Kekebalan dari penyakit

Dari Bentara Ilmupengetahuan Kristen - 1 Januari 2010

Diterjemahkan dari Christian Science Sentinel, Juni 8, 2009


Bagaimana seandainya ada penangkal bagi setiap penyakit? Lebih baik lagi, seandainya sama sekali tidak ada penyakit? Ini sebuah skenario yang mungkin hanya dapat diangankan orang, terutama dengan adanya kekhawatiran global akhir-akhir ini tentang flu babi, atau H1N1. Meskipun banyak orang dewasa ini mengatakan bahwa penyakit ini bahkan lebih ringan dari flu “biasa”  itu bukanlah alasan yang cukup untuk menerima penyakit apapun.

Banyak usaha dan biaya telah diberikan untuk memerangi penyakit—entah dengan inokulasi untuk mencegah penularan, atau dengan obat-obatan untuk melawan gejala-gejala kalau penyakit sudah masuk. Peperangan itu sudah pasti bukan sesuatu yang baru.

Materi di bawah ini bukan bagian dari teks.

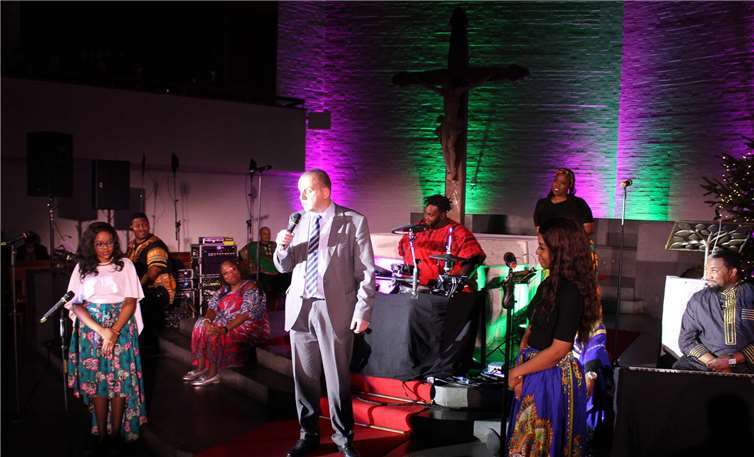 Bürgermeister Johannes Bell konnte viele Gäste beim Neujahrskonzert der Verbandsgemeinde Brohltal in der Niederzissener Pfarrkirche St. Germanus willkommen heißen.Fotos: WK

Sungguhpun demkian, dengan segala usaha yang didasari tujuan baik dari para profesional kedokteran dan pihak-pihak lain, dan dengan kemajuan obat-obatan moderen, adanya penyakit tidaklah berkurang.  “Telah berabad-abad lamanya para dokter melawan penyakit dengan penawar kebendaan;” tulis Mary Baker Eddy, “tetapi timbullah pertanyaan: Berkurangkah penyakit oleh karena usaha ahli kedokteran itu? Jawabannya ialah ‘Sekali-kali tidak’…” (Ilmupengetahuan dan Kesehatan dengan Kunci untuk Kitab Suci, hlm. viii).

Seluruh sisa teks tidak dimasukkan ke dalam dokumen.